Once inside your desired workspace, clone this repository (note, we rename it to vitfly):

cd ~/catkin_ws/src
git clone [email protected]:anish-bhattacharya/ViT-for-quadrotor-obstacle-avoidance.git vitfly
cd vitfly

In order to replicate Unity environments similar to those we use for training and testing, you will need to download environments.tar (1GB) from Datashare and extract it to the right location (below). We provide the medium-level spheres scene and a trees scene. Other obstacle environments are provided by ICRA 2022 DodgeDrone Competition.

tar -xvf <path/to/environments.tar> -C flightmare/flightpy/configs/vision

You will also need to download our Unity resources and binaries.

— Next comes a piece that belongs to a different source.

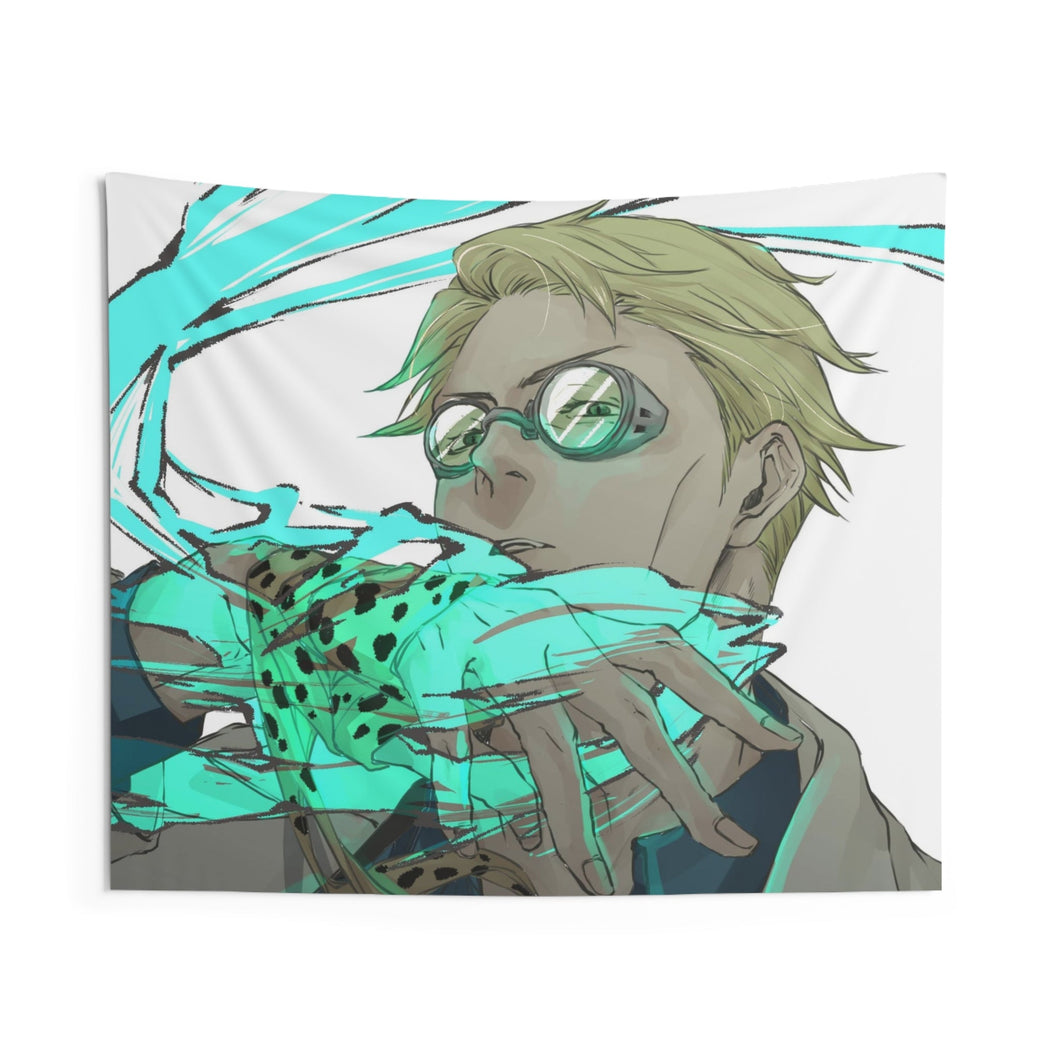 Jujutsu Kaisen Indoor Wall Tapestry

Download flightrender.tar (450MB) from Datashare and then:

tar -xvf <path/to/flightrender.tar> -C flightmare/flightrender

Then, install the dependencies via a given script:

bash setup_ros.bash
cd ../..
catkin build
source devel/setup.bash
cd src/vitfly

Test (simulation)

Download pretrained weights

Download pretrained_models.tar (50MB) from Datashare. This tarball includes pretrained models for ConvNet, LSTMnet, UNet, ViT, and ViT+LSTM (our best model).

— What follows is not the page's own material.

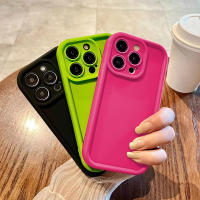 Funda De Silicona Gruesa Y Antigolpes Para iPhone 11 12 13 14 15 pro Max Y plus Funda Protectora Suave Para iPhone 14 15 - details 3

tar -xvf <path/to/pretrained_models.tar> -C models

Edit the config file

For testing on a medium-level spheres or trees environment, edit the file flightmare/flightpy/configs/vision/config.yaml line 2-3 as following:

level: "spheres_medium" # spheres
env_folder: "environment_<any int between 0-100>"
level: "trees" # trees
env_folder: "environment_<any int between 0-499>"

When running the simulation (the following section), you can set any number N of trials to run. To run trials on the same, specified environment index, set datagen: 1 and rollout: 0. To run sequentially different environment indices upon each trial, set datagen: 0 and rollout: 1. For the latter more, the environments prefixed with custom_ are used. These set the static obstacles as dynamic, so that they can be moved to new positions upon each trial, within the same Unity instance.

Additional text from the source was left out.